**Task description:**
Please copy the data exactly as it stands, minus the images.

**Given information:**
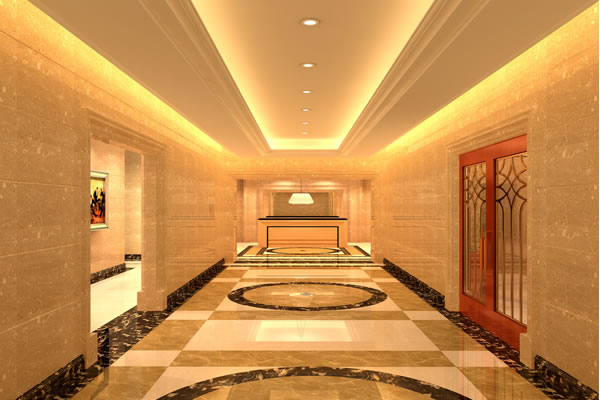 酒店裝修設計效果圖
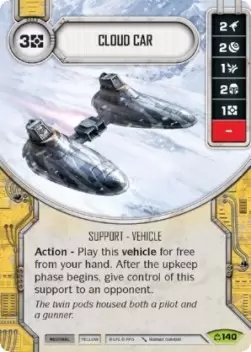 Covert Missions - Cloud Car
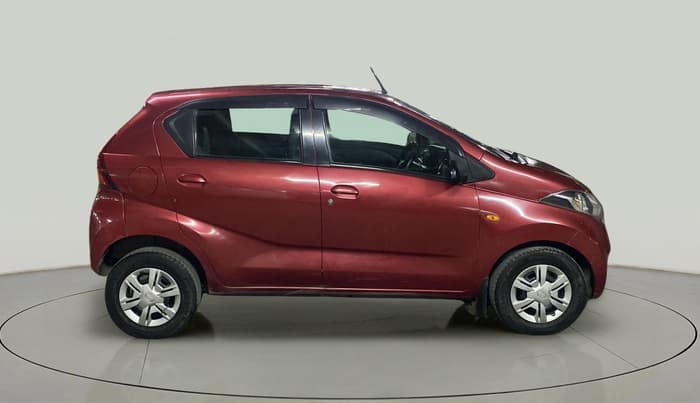 2017 Datsun Redi Go S, Petrol, Manual, 50,369 km, Right Side View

**Reply to the task:**
 酒店裝修設計效果圖
 Covert Missions - Cloud Car
 2017 Datsun Redi Go S, Petrol, Manual, 50,369 km, Right Side View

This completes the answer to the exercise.